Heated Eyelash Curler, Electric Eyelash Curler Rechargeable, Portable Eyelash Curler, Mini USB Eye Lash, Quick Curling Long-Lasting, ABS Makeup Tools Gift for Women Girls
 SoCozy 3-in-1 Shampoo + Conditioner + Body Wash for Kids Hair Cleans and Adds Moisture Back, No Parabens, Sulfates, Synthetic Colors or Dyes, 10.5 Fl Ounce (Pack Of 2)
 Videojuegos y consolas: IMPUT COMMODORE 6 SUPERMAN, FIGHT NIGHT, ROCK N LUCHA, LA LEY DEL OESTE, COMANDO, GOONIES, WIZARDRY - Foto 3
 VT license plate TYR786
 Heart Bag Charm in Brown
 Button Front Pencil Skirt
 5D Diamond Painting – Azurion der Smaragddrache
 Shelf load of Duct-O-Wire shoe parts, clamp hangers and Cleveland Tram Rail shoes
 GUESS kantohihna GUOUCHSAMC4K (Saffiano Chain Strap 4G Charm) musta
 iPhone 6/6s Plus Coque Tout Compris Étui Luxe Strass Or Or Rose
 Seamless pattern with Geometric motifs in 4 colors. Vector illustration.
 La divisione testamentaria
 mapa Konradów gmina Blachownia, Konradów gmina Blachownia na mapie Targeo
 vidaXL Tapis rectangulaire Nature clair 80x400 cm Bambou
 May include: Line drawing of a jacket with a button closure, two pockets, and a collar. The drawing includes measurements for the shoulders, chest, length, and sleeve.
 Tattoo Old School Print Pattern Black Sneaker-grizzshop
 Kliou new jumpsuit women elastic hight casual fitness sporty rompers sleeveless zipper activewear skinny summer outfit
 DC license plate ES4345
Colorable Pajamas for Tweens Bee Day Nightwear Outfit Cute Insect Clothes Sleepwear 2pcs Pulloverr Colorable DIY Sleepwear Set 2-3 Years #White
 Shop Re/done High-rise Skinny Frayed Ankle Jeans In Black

────

▶ The task
Locate the word "Black" in the data above. Copy every line carrying it.

▶ Problem solution
 Tattoo Old School Print Pattern Black Sneaker-grizzshop
 Shop Re/done High-rise Skinny Frayed Ankle Jeans In Black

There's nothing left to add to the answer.